Menendez, Cumhurbaşkanı Erdoğan'ın "Bir gece ansızın gelebiliriz" sloganı eşliğinde Yunanistan'a yönelik politikalarını ve Ankara'nın PKK'nın uzantısı, dolayısıyla 'terör örgütü' kabul ettiği Suriye'nin kuzeyindeki Demokratik Suriye Güçleri'ne (DSG) yönelik operasyonlarını da eleştirdi.
Senato Dış İlişkiler Komisyonu Başkanı, İstanbul Büyükşehir Belediye Başkanı Ekrem İmamoğlu hakkında siyasi yasak getiren hapis cezası kararını da gündeme taşıdı:
"Daha geçen hafta Erdoğan'ın siyasi rakiplerinden biri olan İstanbul'un popüler belediye başkanı 2.5 yıl hapis cezasına çarptırıldı. Suçlama ne? Yüksek Seçim Kurulu üyelerine hakaret. Bu, bir eyalet seçim komisyonuna veya Federal Seçim Komisyonuna veya bu tür herhangi bir kuruluşa hakaret ettiği için bir Amerikalının 2.5 yıl hapis cezasına çarptırılmasına eşdeğer. Hapis cezası yeterince açık mesaj vermiyormuş gibi mahkeme, belediye başkanına siyasi yasak da getirdi. Erdoğan bu saldırganlığı ve baskıyı kendi ekonomisinin korkunç başarısızlığından dikkatleri uzaklaştırmak için kullanıyor olabilir. İnadına yapıyor olabilir. Ya da bir haydut olduğu için yapıyor olabilir. Net olan bir şey varsa, o da ABD'nin Erdoğan'ın eylemlerini ciddiye alması gerektiği."

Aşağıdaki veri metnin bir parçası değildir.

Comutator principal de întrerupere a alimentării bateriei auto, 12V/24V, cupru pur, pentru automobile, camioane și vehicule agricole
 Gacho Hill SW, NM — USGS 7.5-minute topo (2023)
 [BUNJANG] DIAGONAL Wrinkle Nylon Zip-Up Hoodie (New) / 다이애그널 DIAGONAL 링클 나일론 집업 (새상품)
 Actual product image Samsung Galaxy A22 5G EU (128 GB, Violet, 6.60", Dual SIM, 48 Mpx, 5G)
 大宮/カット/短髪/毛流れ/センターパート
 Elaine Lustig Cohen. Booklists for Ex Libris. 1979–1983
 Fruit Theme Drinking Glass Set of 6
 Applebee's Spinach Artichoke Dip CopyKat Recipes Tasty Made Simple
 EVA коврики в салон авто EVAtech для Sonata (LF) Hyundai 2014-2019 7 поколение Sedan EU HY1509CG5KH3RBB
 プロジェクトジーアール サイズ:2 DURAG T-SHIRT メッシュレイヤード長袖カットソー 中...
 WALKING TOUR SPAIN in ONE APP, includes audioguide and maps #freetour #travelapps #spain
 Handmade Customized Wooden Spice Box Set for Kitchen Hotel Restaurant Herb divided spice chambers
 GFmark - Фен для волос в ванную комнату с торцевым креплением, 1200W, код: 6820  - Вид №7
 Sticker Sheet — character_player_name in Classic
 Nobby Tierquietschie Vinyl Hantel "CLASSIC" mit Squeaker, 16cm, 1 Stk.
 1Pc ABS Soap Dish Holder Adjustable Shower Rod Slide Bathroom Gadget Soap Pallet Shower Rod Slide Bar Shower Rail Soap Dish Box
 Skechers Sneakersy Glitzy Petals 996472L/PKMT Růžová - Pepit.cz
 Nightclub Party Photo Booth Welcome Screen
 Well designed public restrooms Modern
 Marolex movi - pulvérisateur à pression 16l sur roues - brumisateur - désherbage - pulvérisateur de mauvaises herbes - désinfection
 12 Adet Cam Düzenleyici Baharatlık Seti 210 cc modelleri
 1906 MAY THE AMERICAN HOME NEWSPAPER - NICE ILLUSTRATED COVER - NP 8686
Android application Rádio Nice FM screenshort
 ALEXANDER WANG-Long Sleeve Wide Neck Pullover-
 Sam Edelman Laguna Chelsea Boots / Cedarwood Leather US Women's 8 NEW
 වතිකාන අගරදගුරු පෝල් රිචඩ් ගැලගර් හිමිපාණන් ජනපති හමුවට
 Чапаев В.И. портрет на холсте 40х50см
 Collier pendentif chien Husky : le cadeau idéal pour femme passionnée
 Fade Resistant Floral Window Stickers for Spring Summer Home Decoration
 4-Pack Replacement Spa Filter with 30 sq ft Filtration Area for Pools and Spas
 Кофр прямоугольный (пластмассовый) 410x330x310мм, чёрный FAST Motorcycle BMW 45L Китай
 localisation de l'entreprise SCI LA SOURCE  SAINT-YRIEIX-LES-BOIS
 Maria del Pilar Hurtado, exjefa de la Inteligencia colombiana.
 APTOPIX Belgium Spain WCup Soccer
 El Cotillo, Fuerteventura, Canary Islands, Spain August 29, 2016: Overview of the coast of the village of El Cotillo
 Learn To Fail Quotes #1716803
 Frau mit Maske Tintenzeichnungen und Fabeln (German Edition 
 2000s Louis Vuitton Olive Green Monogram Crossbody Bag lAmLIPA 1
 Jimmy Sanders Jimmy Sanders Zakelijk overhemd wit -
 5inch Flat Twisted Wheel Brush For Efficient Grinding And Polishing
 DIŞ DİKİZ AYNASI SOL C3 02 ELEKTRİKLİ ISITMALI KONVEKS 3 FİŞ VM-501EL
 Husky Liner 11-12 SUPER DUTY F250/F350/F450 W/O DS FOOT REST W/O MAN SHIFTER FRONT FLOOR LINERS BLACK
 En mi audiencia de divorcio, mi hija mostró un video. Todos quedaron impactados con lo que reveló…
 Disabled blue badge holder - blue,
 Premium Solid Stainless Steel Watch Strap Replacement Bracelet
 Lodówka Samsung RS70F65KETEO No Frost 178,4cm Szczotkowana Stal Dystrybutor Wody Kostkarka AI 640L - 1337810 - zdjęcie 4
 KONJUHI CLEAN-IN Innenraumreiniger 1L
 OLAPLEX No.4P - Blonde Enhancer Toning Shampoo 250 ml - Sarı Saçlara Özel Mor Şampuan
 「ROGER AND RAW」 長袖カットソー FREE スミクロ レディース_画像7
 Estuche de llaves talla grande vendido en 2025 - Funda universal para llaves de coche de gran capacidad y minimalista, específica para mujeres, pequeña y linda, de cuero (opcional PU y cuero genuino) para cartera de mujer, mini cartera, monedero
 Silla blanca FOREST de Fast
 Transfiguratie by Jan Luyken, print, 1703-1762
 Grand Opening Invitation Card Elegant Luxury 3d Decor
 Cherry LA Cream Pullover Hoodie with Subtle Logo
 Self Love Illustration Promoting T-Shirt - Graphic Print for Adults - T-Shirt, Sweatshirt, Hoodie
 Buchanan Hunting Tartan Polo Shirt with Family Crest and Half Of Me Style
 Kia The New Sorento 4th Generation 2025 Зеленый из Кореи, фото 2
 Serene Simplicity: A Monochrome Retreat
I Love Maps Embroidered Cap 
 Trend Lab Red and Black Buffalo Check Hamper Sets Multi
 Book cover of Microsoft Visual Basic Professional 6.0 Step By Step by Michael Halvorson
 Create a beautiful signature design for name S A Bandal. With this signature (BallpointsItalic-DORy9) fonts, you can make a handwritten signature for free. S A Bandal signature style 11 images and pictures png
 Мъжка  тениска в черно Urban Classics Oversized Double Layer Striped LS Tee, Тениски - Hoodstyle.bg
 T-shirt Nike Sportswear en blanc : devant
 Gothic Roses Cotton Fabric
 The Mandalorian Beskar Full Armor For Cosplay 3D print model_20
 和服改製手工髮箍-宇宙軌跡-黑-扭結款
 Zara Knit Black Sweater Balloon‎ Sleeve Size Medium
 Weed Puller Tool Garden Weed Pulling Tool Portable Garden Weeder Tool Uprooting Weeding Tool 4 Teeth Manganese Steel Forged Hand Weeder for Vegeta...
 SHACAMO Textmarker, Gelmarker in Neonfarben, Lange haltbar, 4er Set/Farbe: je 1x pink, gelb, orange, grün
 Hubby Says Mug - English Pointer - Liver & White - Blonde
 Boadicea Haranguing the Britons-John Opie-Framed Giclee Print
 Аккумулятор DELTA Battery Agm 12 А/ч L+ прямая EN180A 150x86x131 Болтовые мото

"Uluslararası yasaları ihlal ettiği, demokratik normlara meydan okuduğu ya da güçlerinin insan hakları ihlalleri yapmasına izin verdiğinde, Erdoğan'ı davranışlarından sorumlu tutmalıyız" vurgusu yapan Menendez şöyle devam etti:
"İşte bu yüzden Türkiye'de özgür ve adil seçimler için çağrıda bulunuyorum. Uluslararası demokrasi topluluğundan Erdoğan'ın siyasi rakibini hapse atmasını kınamasını istiyorum. Müttefiklerimizin Suriye'nin kuzeyine yeni saldırıları engellemek için kozlarını kullanmalarını istiyorum. Ve Erdoğan'dan Yunanistan üzerindeki tüm uçuşları durdurmasını ve Kıbrıs'tan tüm Türk askerlerini çekmesini talep ediyorum."
"Tüm bu davranışlar göz önüne alındığında, ABD, F-16 savaş uçaklarını Cumhurbaşkanı Erdoğan'ın ellerine bırakmamalı. Bu nedenle, Senato Dış İlişkiler Komisyonu Başkanı olarak, kendisi tüm bölgedeki saldırgan kampanyasını durdurana dek, Türkiye için herhangi bir F-16'yı onaylamayacağım."
"Senato'daki çalışma arkadaşlarıma şunu söyleyerek bitireceğim: Erdoğan'ın saldırganlığı karşısında Amerikan değerlerini savunmaktan korkmayın. Uluslararası topluluğa da Türkiye'yi uluslararası hukuku ihlal etmekten sorumlu tutmaktan çekinmemesi için sesleniyorum. Erdoğan'ın Tayfun füzelerinin gölgesinde yaşayan (Yunan) vatandaşlar da, ABD'nin sizinle omuz omuza durduğunu unutmayın. Ve Türkiye'de hâlâ özgür, demokratik bir gelecek umut eden insanlara 'pes etmeyin' diyorum. Yakında bir gün cesaretinizle yurdunuza barış ve refah geri dönecektir."